Are we humans?

It is hard to read, or write, or listen, or watch anything live without being reminded of the pandemic.

And maybe it is worth keeping it front and centre of our attention so we can continue to be fearful and stay within the guidance of experts.

I am not going to mention it in my post. Because I don’t need to.

But it’s made me reflect.

What is our society built on? Or rather, who is our society built on?

Towards the end of 2019, as fires raged through Australia burning down every house, tree, and any living being in its path the world was content that it wasn’t in their backyard.

People who were drawing attention to the climate crisis, and who continue to do so, are ridiculed.

The claim being – the world can’t just stop and reduce pollution. It is impossible.

Kids need to get practical.

With every politician and all the climate deniers were screaming that polluting businesses can’t be shut down. As without them the whole society will capitulate.
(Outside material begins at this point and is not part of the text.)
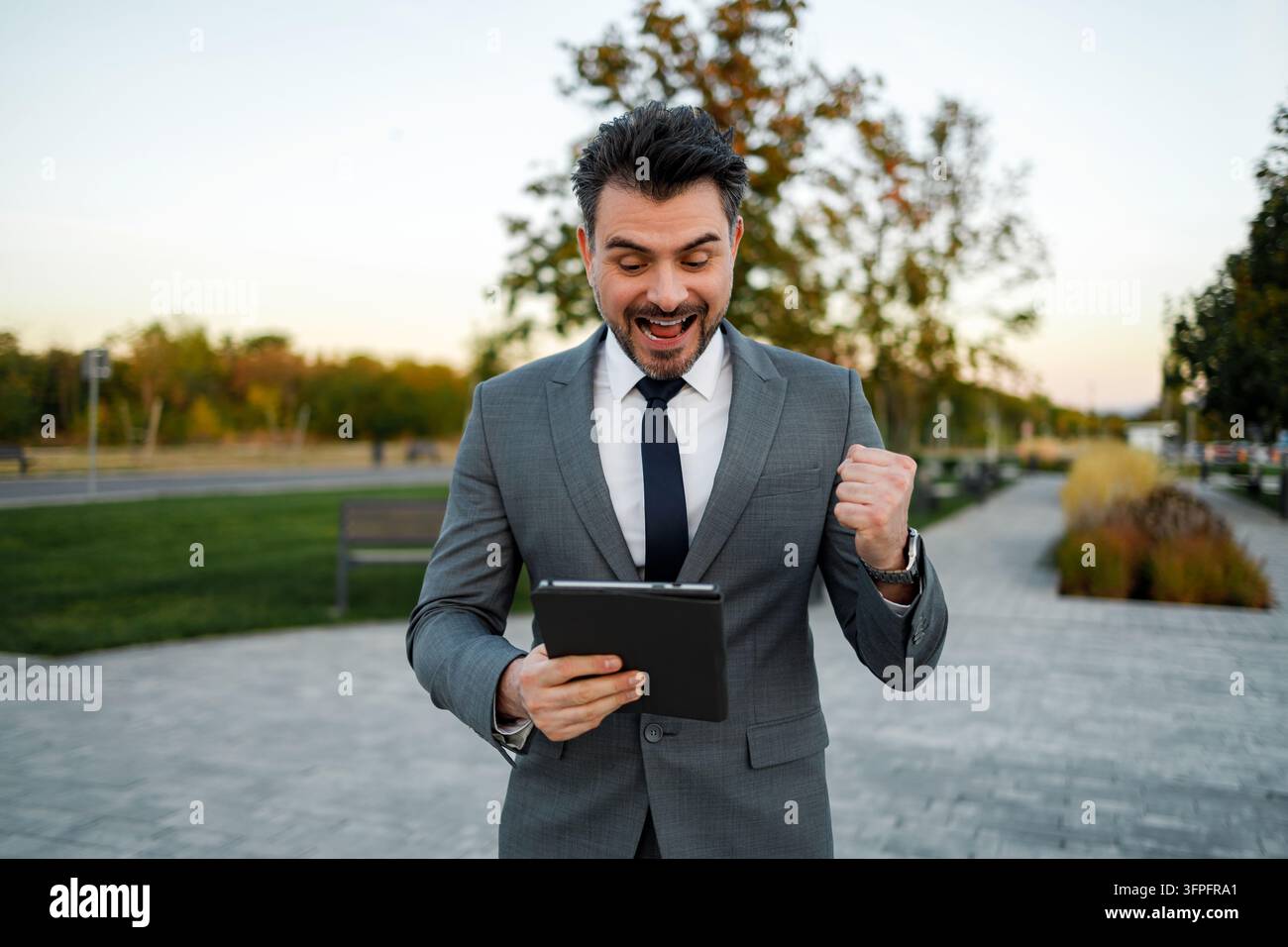 Ein Mann steht in einem grünen Park und trägt einen Anzug. Er schaut auf ein Tablet und wirkt glücklich. Stockfoto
And so we watched on. We watched the fires rage through Australia whilst those in power didn’t solve a thing.

Barely are we 3 months away from it, before the pandemic spread like fire on Earth. Now we have something in our backyard.

Credit: NIAID-RML Flickr  (CC BY 2.0)

It doesn’t burn you. And yet it burns.

It burns everything in its path.

It doesn’t discriminate on race, religion, or colour.

It doesn’t give one flying falafel about your borders.

It doesn’t wait. It doesn’t think. And it certainly does not care what businesses it shuts down.

And what is being done?

Quarantine. Businesses shut. People asked to stay indoors.

1.3B populated country has just stopped. Nobody cares what fuel your car uses, what meat your fast food chain serves, and certainly no one cares how good your fur and leather clothes are.

We cannibalised Earth.

Photo by Brian McGowan on Unsplash

And it has taken one mutation of virus to remind us how fragile we really are. As a society. As nations. As whatever other artificial names we’ve given our selves as a group of people.

We are apparently everything, apart from being people.

Eventually this pandemic will come to an end. There might be 50,000, 100,000, or 1,000,000 deaths. I don’t know. But it will pass.

What happens then? Do we go back to being our ugly selves?

Do we continue to canniablise mother nature?

Do we continue to build fragile societies?

Or do we change?

I don’t know the answer, is the honest answer.

Humans are fickle.

We fought over toilet roll, when hunger should’ve been high on mind.

At the first hint of panic from the unknown we flooded to buy freaking toilet roll?

Photo by Brian McGowan on Unsplash

And yet, when refugees are fleeing from war zone, not knowing when the next bomb drops, or where it drops, and which one of their loved ones is lost – we claim it isn’t our responsibility?

We literally give more value to our own arse than being compassionate about someone else’s life.

We cannibalised humanity.

There are real humans. And then there are… no-one.

I am not going to call them heroes. It’s a stupid term artificially created to group one set of people against others.

Medics, innovators, research scientists, the cleaners, the low-paid dirty job doing workers, the ones who know it is their job to be out, and be seen, and do something to resolve the pandemic. They are the humans.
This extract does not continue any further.